-- What is needed --
Output the entire listing that follows verbatim.

-- Information provided --

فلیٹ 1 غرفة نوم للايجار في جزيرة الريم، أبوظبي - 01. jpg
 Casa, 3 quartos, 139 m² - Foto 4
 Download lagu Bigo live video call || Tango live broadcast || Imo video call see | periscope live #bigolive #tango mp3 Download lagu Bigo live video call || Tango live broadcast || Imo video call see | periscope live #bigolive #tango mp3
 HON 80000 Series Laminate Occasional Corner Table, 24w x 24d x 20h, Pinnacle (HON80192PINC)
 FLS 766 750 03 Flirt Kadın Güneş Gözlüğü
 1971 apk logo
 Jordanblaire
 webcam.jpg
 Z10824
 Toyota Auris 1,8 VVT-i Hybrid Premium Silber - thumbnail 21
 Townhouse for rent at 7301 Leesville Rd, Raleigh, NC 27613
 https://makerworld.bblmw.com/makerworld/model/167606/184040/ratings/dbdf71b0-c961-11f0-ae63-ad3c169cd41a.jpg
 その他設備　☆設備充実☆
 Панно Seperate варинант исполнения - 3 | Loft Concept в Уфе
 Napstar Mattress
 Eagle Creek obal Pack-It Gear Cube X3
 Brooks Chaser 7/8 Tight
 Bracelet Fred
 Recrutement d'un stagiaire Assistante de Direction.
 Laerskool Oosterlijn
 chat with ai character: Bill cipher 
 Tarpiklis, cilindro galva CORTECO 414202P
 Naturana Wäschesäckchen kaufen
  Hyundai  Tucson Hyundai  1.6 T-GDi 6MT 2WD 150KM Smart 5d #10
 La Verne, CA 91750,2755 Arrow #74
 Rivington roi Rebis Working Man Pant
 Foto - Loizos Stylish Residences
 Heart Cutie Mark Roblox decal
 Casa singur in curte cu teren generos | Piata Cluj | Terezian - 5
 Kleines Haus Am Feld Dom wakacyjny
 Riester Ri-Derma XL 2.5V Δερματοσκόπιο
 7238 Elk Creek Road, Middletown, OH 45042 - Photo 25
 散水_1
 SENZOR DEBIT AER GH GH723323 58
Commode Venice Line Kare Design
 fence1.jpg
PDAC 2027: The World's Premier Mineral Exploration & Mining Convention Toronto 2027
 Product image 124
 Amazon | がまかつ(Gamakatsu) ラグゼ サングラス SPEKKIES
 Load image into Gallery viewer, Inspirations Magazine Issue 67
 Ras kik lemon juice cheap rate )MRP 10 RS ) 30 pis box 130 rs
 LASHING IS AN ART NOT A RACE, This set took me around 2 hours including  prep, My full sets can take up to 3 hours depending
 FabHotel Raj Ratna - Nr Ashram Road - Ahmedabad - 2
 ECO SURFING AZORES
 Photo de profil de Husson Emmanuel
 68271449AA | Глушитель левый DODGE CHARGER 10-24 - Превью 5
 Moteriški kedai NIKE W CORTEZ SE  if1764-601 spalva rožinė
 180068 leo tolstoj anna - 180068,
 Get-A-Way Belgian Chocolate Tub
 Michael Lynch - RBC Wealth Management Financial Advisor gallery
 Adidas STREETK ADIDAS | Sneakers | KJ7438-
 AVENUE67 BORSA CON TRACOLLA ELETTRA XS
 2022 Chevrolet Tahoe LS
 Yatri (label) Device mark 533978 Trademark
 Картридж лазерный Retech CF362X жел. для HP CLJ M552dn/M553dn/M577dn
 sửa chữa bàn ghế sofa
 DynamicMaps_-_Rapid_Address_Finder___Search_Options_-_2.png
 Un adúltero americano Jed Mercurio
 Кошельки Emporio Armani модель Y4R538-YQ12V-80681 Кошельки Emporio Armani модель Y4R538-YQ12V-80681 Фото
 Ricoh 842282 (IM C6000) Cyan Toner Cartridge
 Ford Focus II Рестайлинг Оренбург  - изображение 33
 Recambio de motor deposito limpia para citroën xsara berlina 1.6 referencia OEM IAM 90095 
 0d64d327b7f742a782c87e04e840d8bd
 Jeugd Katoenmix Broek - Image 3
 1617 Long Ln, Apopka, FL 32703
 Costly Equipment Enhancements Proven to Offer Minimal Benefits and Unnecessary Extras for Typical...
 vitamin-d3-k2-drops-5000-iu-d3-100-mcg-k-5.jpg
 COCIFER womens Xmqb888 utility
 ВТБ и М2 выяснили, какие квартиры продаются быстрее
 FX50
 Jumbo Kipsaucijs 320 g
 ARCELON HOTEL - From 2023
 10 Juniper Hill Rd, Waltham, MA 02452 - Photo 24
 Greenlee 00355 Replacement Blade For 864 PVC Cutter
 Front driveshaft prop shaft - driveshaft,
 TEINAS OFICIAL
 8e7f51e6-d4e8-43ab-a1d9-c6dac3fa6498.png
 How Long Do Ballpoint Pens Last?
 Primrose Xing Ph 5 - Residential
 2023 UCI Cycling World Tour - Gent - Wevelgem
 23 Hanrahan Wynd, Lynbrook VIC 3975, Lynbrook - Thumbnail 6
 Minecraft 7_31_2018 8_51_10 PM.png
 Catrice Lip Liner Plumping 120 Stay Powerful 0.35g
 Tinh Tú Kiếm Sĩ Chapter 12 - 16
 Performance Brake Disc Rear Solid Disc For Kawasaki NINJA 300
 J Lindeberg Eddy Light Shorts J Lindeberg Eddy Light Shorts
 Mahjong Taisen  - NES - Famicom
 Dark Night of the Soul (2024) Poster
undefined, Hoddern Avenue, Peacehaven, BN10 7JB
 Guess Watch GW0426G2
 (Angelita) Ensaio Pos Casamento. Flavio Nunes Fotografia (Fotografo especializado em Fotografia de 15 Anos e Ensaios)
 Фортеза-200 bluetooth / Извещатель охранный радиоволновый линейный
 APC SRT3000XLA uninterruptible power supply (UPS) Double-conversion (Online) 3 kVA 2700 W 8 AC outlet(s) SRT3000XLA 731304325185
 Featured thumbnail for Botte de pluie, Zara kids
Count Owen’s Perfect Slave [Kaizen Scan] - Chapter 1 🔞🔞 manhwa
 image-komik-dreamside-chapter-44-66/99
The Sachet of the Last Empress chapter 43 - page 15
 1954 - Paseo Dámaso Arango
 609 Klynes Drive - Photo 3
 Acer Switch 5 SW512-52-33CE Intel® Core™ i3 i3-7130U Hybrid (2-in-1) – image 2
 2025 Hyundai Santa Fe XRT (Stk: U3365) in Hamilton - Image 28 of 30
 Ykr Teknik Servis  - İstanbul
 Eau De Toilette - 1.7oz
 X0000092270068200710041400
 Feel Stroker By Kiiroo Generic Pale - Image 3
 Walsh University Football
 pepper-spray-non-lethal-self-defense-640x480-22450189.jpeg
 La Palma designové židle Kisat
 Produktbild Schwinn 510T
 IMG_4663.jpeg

-- Task result --
فلیٹ 1 غرفة نوم للايجار في جزيرة الريم، أبوظبي - 01. jpg
 Casa, 3 quartos, 139 m² - Foto 4
 Download lagu Bigo live video call || Tango live broadcast || Imo video call see | periscope live #bigolive #tango mp3 Download lagu Bigo live video call || Tango live broadcast || Imo video call see | periscope live #bigolive #tango mp3
 HON 80000 Series Laminate Occasional Corner Table, 24w x 24d x 20h, Pinnacle (HON80192PINC)
 FLS 766 750 03 Flirt Kadın Güneş Gözlüğü
 1971 apk logo
 Jordanblaire
 webcam.jpg
 Z10824
 Toyota Auris 1,8 VVT-i Hybrid Premium Silber - thumbnail 21
 Townhouse for rent at 7301 Leesville Rd, Raleigh, NC 27613
 https://makerworld.bblmw.com/makerworld/model/167606/184040/ratings/dbdf71b0-c961-11f0-ae63-ad3c169cd41a.jpg
 その他設備　☆設備充実☆
 Панно Seperate варинант исполнения - 3 | Loft Concept в Уфе
 Napstar Mattress
 Eagle Creek obal Pack-It Gear Cube X3
 Brooks Chaser 7/8 Tight
 Bracelet Fred
 Recrutement d'un stagiaire Assistante de Direction.
 Laerskool Oosterlijn
 chat with ai character: Bill cipher 
 Tarpiklis, cilindro galva CORTECO 414202P
 Naturana Wäschesäckchen kaufen
  Hyundai  Tucson Hyundai  1.6 T-GDi 6MT 2WD 150KM Smart 5d #10
 La Verne, CA 91750,2755 Arrow #74
 Rivington roi Rebis Working Man Pant
 Foto - Loizos Stylish Residences
 Heart Cutie Mark Roblox decal
 Casa singur in curte cu teren generos | Piata Cluj | Terezian - 5
 Kleines Haus Am Feld Dom wakacyjny
 Riester Ri-Derma XL 2.5V Δερματοσκόπιο
 7238 Elk Creek Road, Middletown, OH 45042 - Photo 25
 散水_1
 SENZOR DEBIT AER GH GH723323 58
Commode Venice Line Kare Design
 fence1.jpg
PDAC 2027: The World's Premier Mineral Exploration & Mining Convention Toronto 2027
 Product image 124
 Amazon | がまかつ(Gamakatsu) ラグゼ サングラス SPEKKIES
 Load image into Gallery viewer, Inspirations Magazine Issue 67
 Ras kik lemon juice cheap rate )MRP 10 RS ) 30 pis box 130 rs
 LASHING IS AN ART NOT A RACE, This set took me around 2 hours including  prep, My full sets can take up to 3 hours depending
 FabHotel Raj Ratna - Nr Ashram Road - Ahmedabad - 2
 ECO SURFING AZORES
 Photo de profil de Husson Emmanuel
 68271449AA | Глушитель левый DODGE CHARGER 10-24 - Превью 5
 Moteriški kedai NIKE W CORTEZ SE  if1764-601 spalva rožinė
 180068 leo tolstoj anna - 180068,
 Get-A-Way Belgian Chocolate Tub
 Michael Lynch - RBC Wealth Management Financial Advisor gallery
 Adidas STREETK ADIDAS | Sneakers | KJ7438-
 AVENUE67 BORSA CON TRACOLLA ELETTRA XS
 2022 Chevrolet Tahoe LS
 Yatri (label) Device mark 533978 Trademark
 Картридж лазерный Retech CF362X жел. для HP CLJ M552dn/M553dn/M577dn
 sửa chữa bàn ghế sofa
 DynamicMaps_-_Rapid_Address_Finder___Search_Options_-_2.png
 Un adúltero americano Jed Mercurio
 Кошельки Emporio Armani модель Y4R538-YQ12V-80681 Кошельки Emporio Armani модель Y4R538-YQ12V-80681 Фото
 Ricoh 842282 (IM C6000) Cyan Toner Cartridge
 Ford Focus II Рестайлинг Оренбург  - изображение 33
 Recambio de motor deposito limpia para citroën xsara berlina 1.6 referencia OEM IAM 90095 
 0d64d327b7f742a782c87e04e840d8bd
 Jeugd Katoenmix Broek - Image 3
 1617 Long Ln, Apopka, FL 32703
 Costly Equipment Enhancements Proven to Offer Minimal Benefits and Unnecessary Extras for Typical...
 vitamin-d3-k2-drops-5000-iu-d3-100-mcg-k-5.jpg
 COCIFER womens Xmqb888 utility
 ВТБ и М2 выяснили, какие квартиры продаются быстрее
 FX50
 Jumbo Kipsaucijs 320 g
 ARCELON HOTEL - From 2023
 10 Juniper Hill Rd, Waltham, MA 02452 - Photo 24
 Greenlee 00355 Replacement Blade For 864 PVC Cutter
 Front driveshaft prop shaft - driveshaft,
 TEINAS OFICIAL
 8e7f51e6-d4e8-43ab-a1d9-c6dac3fa6498.png
 How Long Do Ballpoint Pens Last?
 Primrose Xing Ph 5 - Residential
 2023 UCI Cycling World Tour - Gent - Wevelgem
 23 Hanrahan Wynd, Lynbrook VIC 3975, Lynbrook - Thumbnail 6
 Minecraft 7_31_2018 8_51_10 PM.png
 Catrice Lip Liner Plumping 120 Stay Powerful 0.35g
 Tinh Tú Kiếm Sĩ Chapter 12 - 16
 Performance Brake Disc Rear Solid Disc For Kawasaki NINJA 300
 J Lindeberg Eddy Light Shorts J Lindeberg Eddy Light Shorts
 Mahjong Taisen  - NES - Famicom
 Dark Night of the Soul (2024) Poster
undefined, Hoddern Avenue, Peacehaven, BN10 7JB
 Guess Watch GW0426G2
 (Angelita) Ensaio Pos Casamento. Flavio Nunes Fotografia (Fotografo especializado em Fotografia de 15 Anos e Ensaios)
 Фортеза-200 bluetooth / Извещатель охранный радиоволновый линейный
 APC SRT3000XLA uninterruptible power supply (UPS) Double-conversion (Online) 3 kVA 2700 W 8 AC outlet(s) SRT3000XLA 731304325185
 Featured thumbnail for Botte de pluie, Zara kids
Count Owen’s Perfect Slave [Kaizen Scan] - Chapter 1 🔞🔞 manhwa
 image-komik-dreamside-chapter-44-66/99
The Sachet of the Last Empress chapter 43 - page 15
 1954 - Paseo Dámaso Arango
 609 Klynes Drive - Photo 3
 Acer Switch 5 SW512-52-33CE Intel® Core™ i3 i3-7130U Hybrid (2-in-1) – image 2
 2025 Hyundai Santa Fe XRT (Stk: U3365) in Hamilton - Image 28 of 30
 Ykr Teknik Servis  - İstanbul
 Eau De Toilette - 1.7oz
 X0000092270068200710041400
 Feel Stroker By Kiiroo Generic Pale - Image 3
 Walsh University Football
 pepper-spray-non-lethal-self-defense-640x480-22450189.jpeg
 La Palma designové židle Kisat
 Produktbild Schwinn 510T
 IMG_4663.jpeg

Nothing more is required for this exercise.